What QSRs Can Learn From The 7-Eleven Japan Hack - Kount

It’s pretty much a given these days that – more or less – a business is nothing without a robust mobile experience when it comes to commerce, payments and customer experience. That ideal applies to sellers of products and services alike, and helps to fuel and guide so much innovation going into 2020.

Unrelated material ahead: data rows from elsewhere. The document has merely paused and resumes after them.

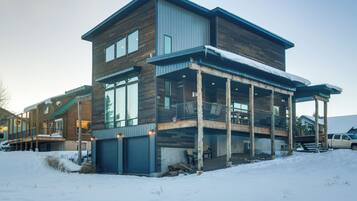 House (5 Bedrooms) | Interior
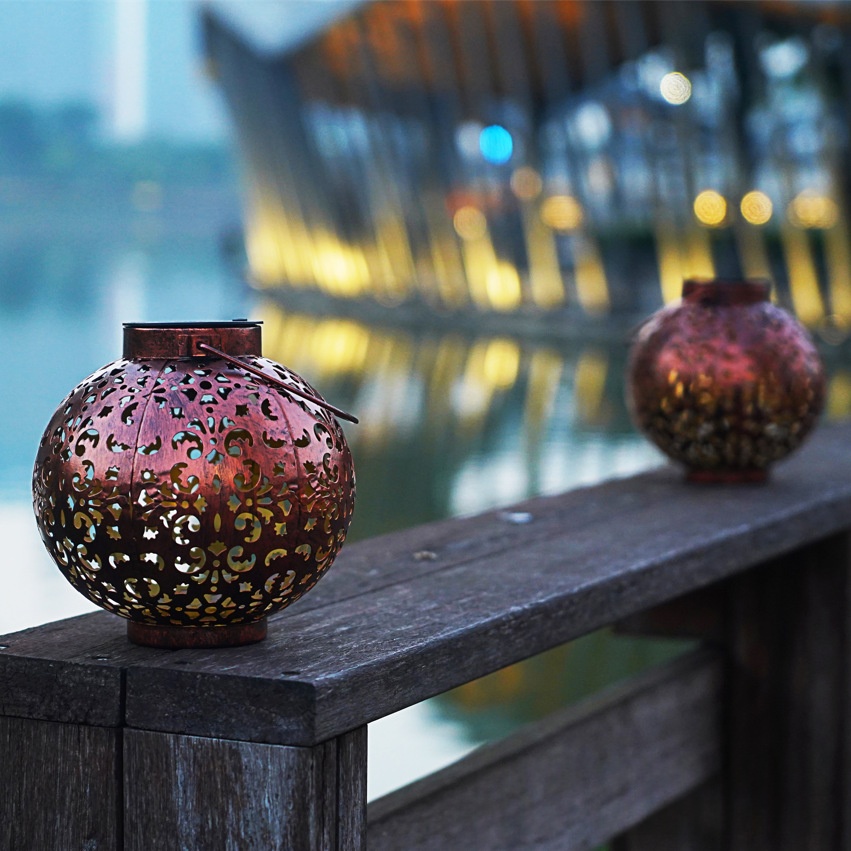 Wrought Iron Portable Lantern Solar-Powered Hanging Lamp — foto 7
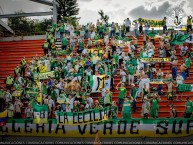 Foto: "AVS  en Envigado." Barra: Artillería Verde Sur • Club: Deportes Quindío • País: Colombia
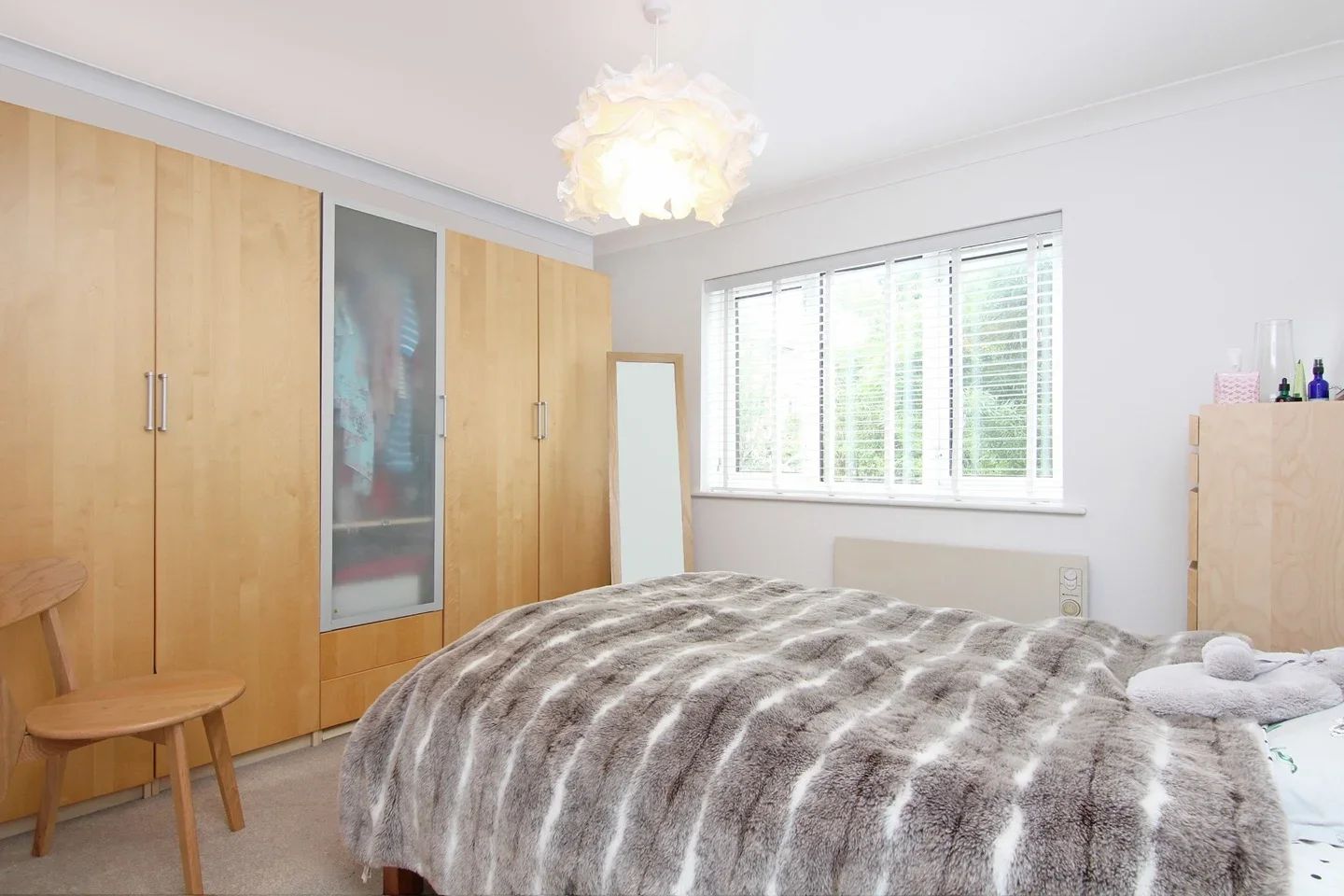 Flat Varsity Drive in Greater London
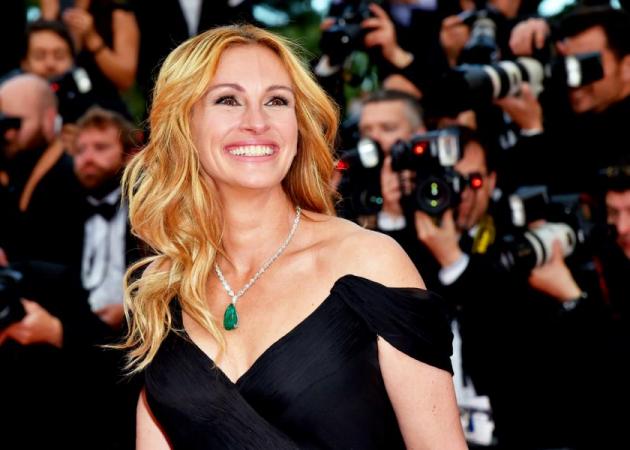 Julia Roberts: Είναι η πιο όμορφη γυναίκα στον κόσμο στα 49 της χρόνια!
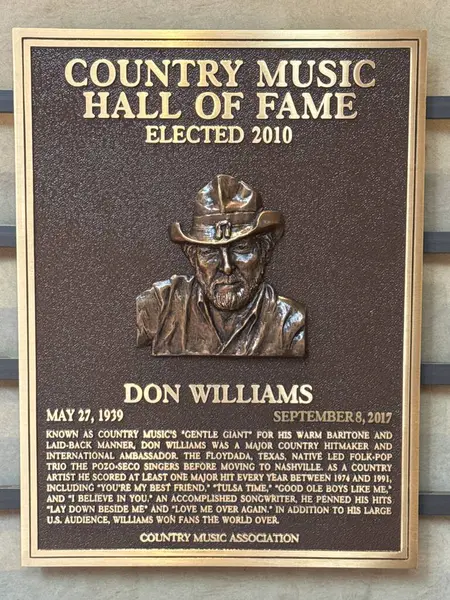 NASHVILLE, TN - 28 Şubat 2025 'te Nashville, Tennessee' deki Country Music Hall of Fame 'de Don WIlliams plaketi.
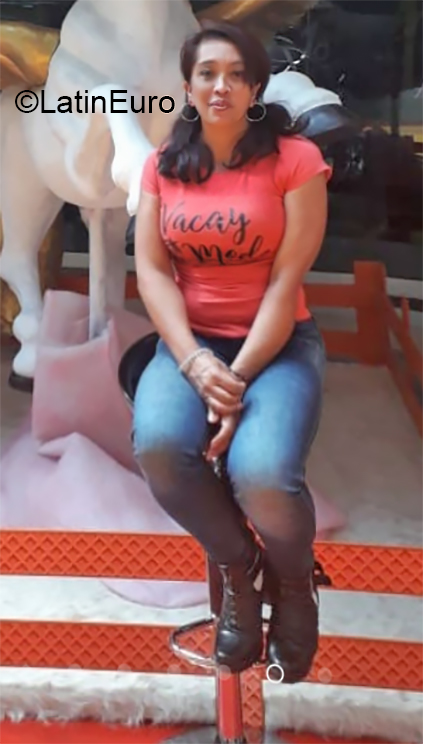 Date this stunning Colombia girl Nidia from Bogota CO26091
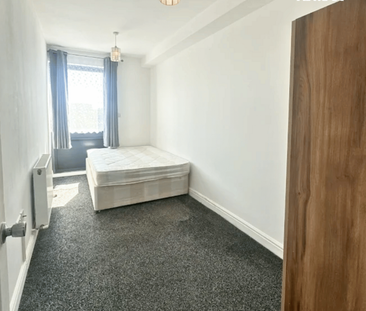 4 bedroom maisonette to rent - Photo 5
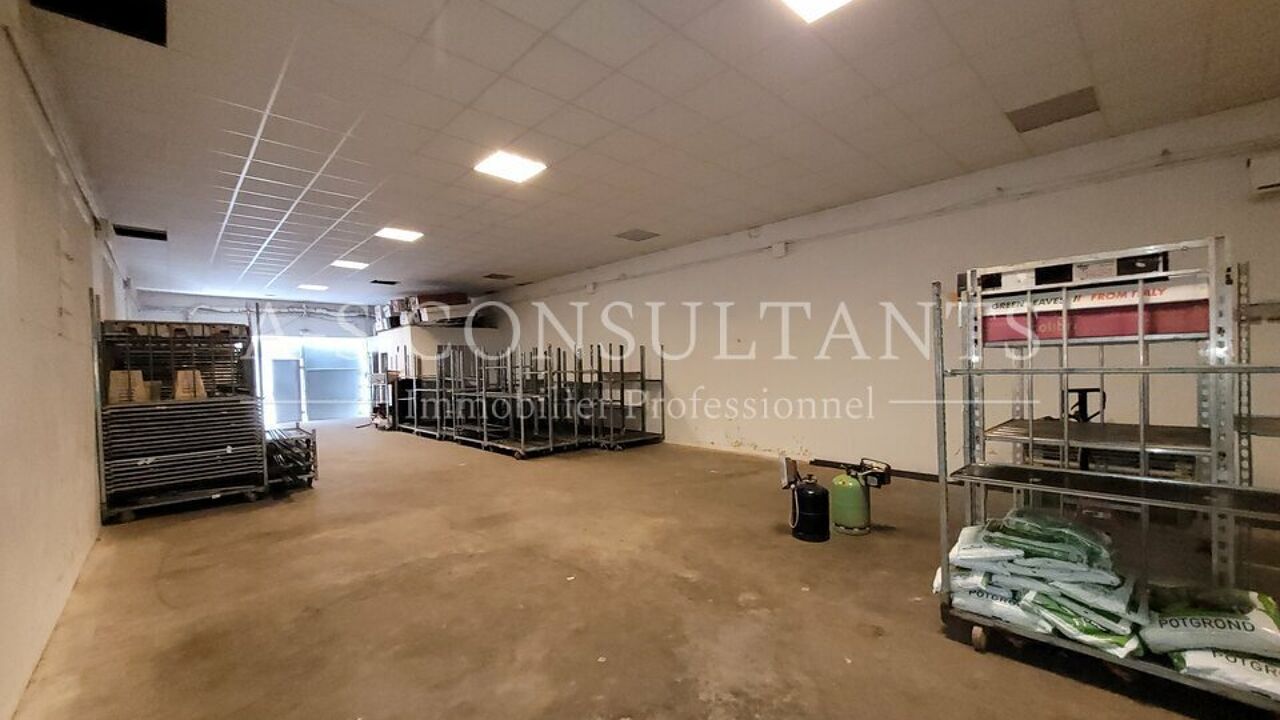 local industriel  pièces 380 m2 à vendre à Mottier (38260)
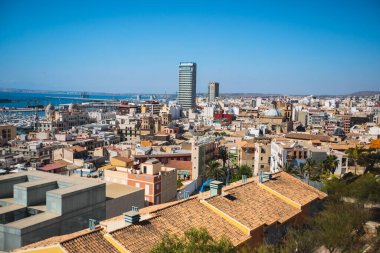 Alicante, Valencia Topluluğu 'nun güzel geniş hava manzarası, İspanya' nın Alicante limanı, plaj ve marinası, dağları ve gökdelenleri, güneşli bir günde Benacantil Dağı 'ndaki Santa Barbara Kalesi' nden görülüyor.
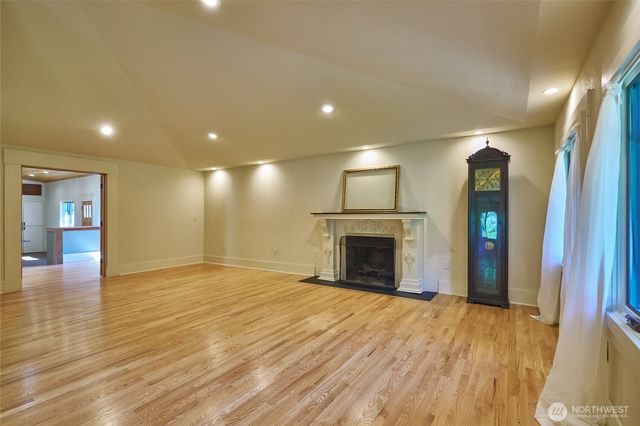 1620 N 183rd Street, Shoreline, WA 98133
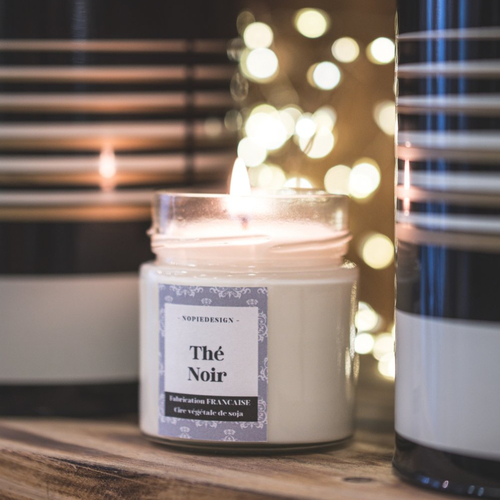 Bougie thé noir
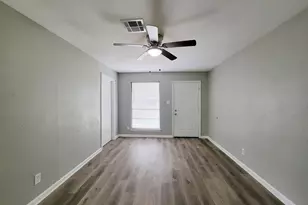 3121 Proswimmer St, Houston, TX 77088 - Photo 6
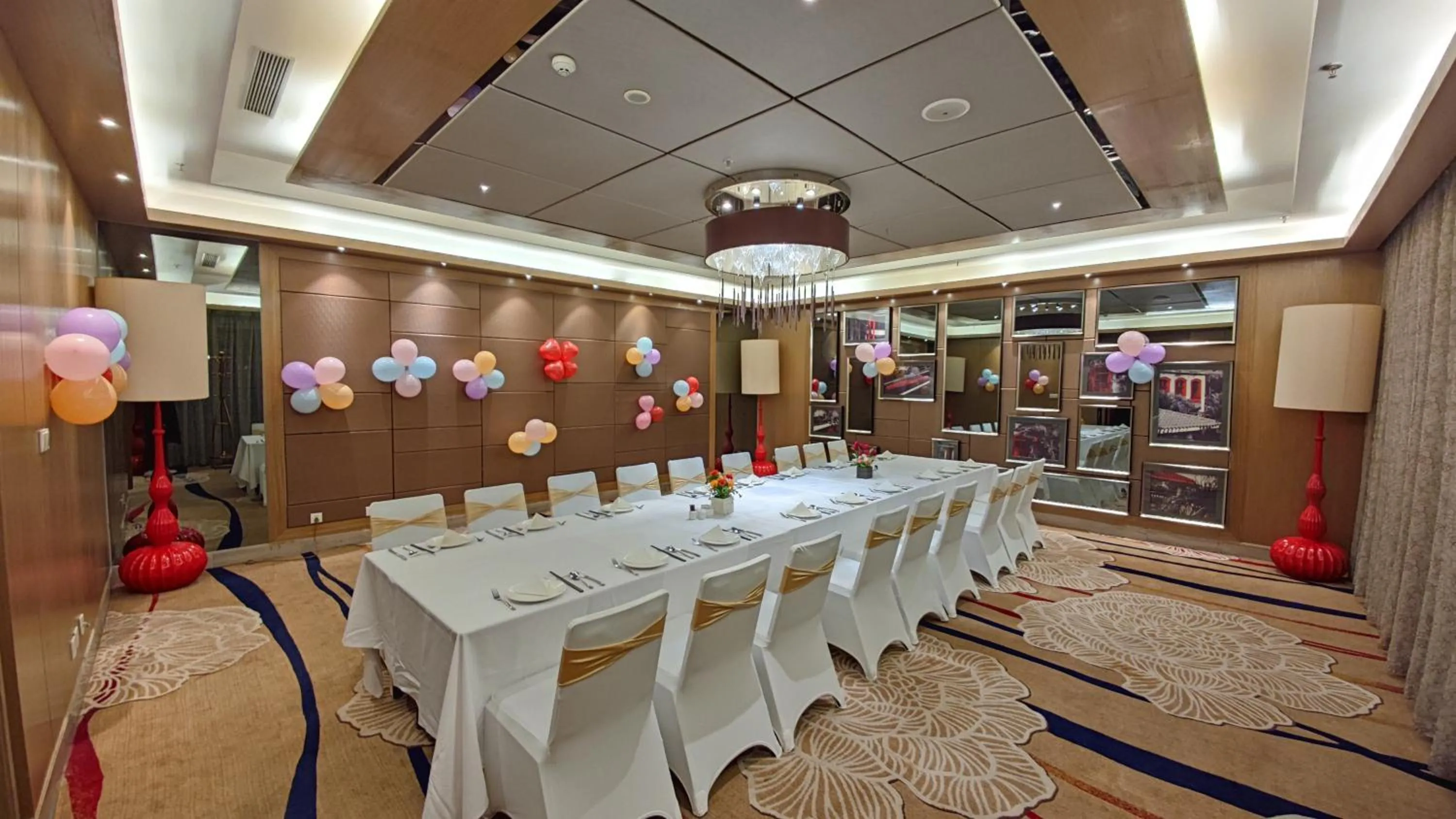 Restaurant/places to eat in Easeland Hotel Guangzhou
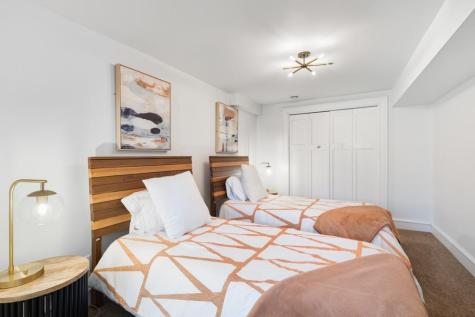 185 W Lake Street Excelsior MN 55331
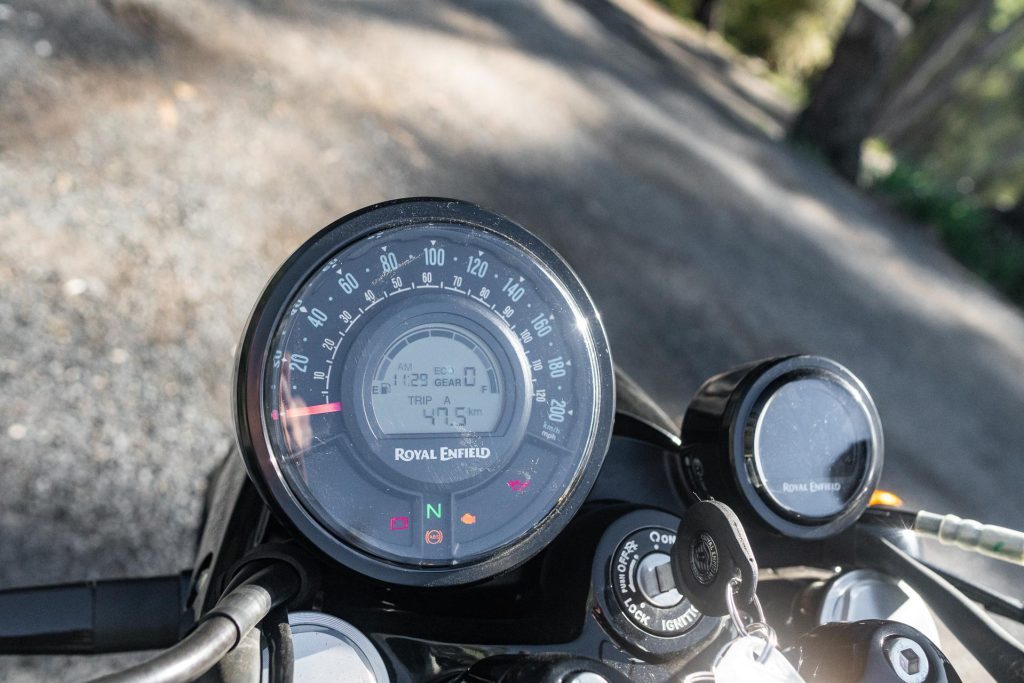 Speedometer and screen on the Royal Enfield Shotgun 650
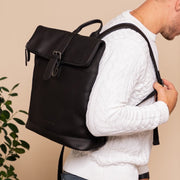 
Classic 100% Full-Grain leather Backpack - Rückansicht mit verstärkten Lederträgern & handwerklichen Nähten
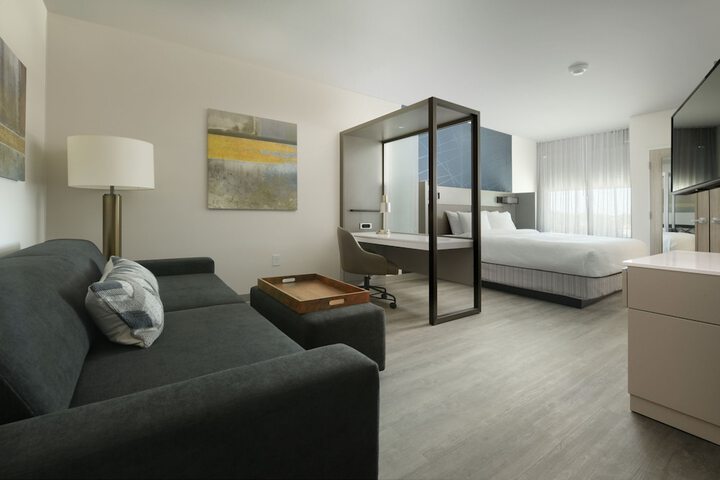 Room 12 of 35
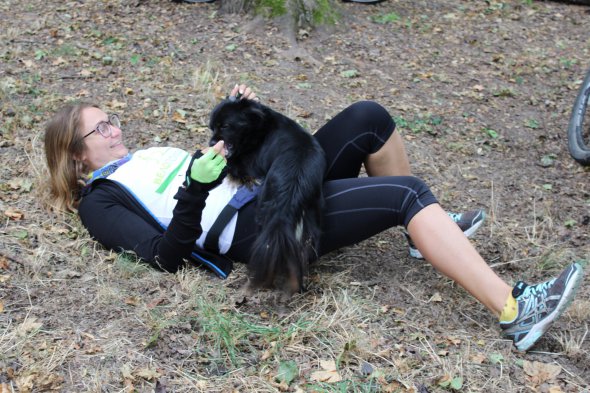 Аліна Островерхова грається із чорним собакою - улюбленцем господарів етносадиби "Старий хутір"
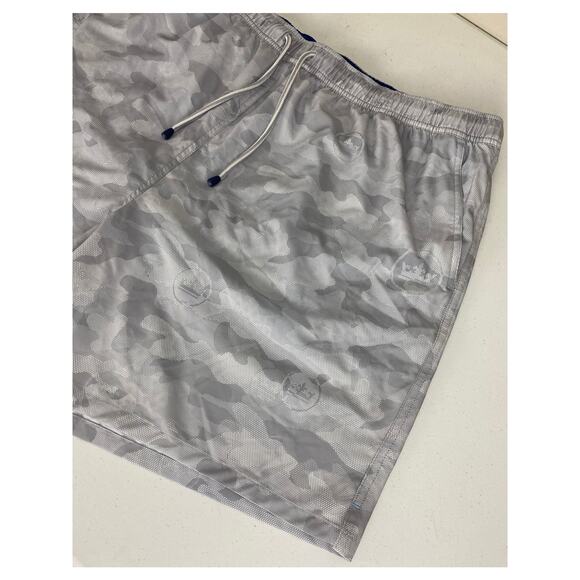 Men Peter Millar Seaside Crown camo graphic mesh lined swim trunks board shorts - Picture 2 of 5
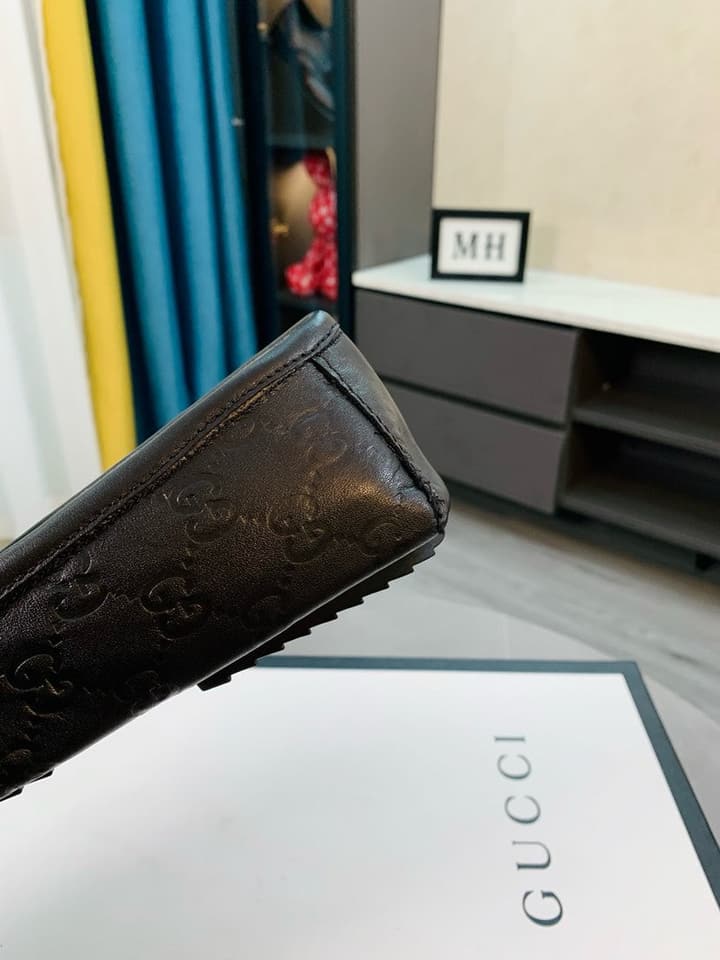 Gucci Men's Embossed Leather Driving Shoes in Brown Leather Loafer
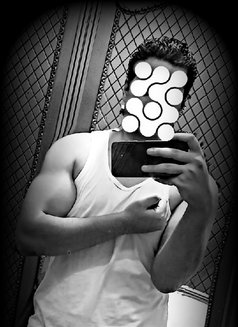 Abdallah - Male escort in Cairo Photo 1 of 5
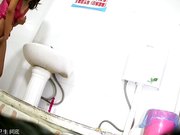 集体宿舍公共卫生间偷拍打工妹和男朋友刚打完炮内裤都是分泌物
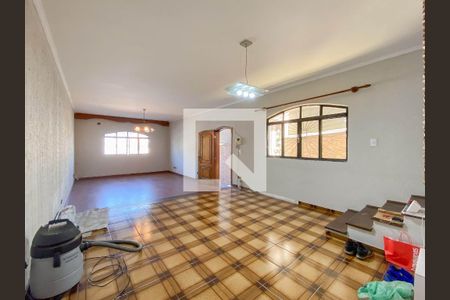 Sala de casa à venda com 4 quartos, 207m² em Jardim Pinheiros, São Paulo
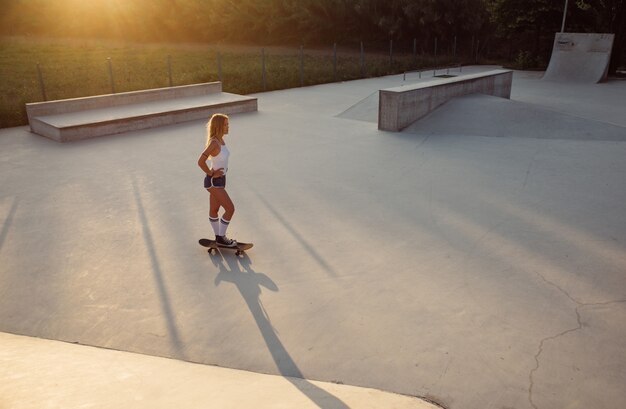 skatepark에서 아름 다운 스케이팅 소녀 라이프 스타일 순간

But all that work – every single touchpoint on that digital and mobile journey – provides ample opportunity for criminals to exploit any error or opening and make gains via fraud. That is what recently happened in Japan for customers of 7-Eleven convenience stores – and that’s what served as the foundation for a new PYMNTS interview featuring Karen Webster and Rich Stuppy, chief customer experience officer at Kount.

Fresh Risks

“What happened is super common,” he told Webster, underscoring the fresh risks that convenience stores, QSRs and other retail sectors face as they race to develop and deploy digital and mobile-centric innovations. In some respects, those efforts serve almost as business or operational reinventions, but what’s often lost in that work is a full understanding of all the openings that innovation can give to fraudsters. Indeed, Stuppy went so far as to call fraudsters the first adopters of retail innovation, a view that can seem a bit dramatic at first, but which takes on the feel of accuracy and wisdom when you dig into the details.

The recent fraud at 7-Eleven illustrates Stuppy’s important point.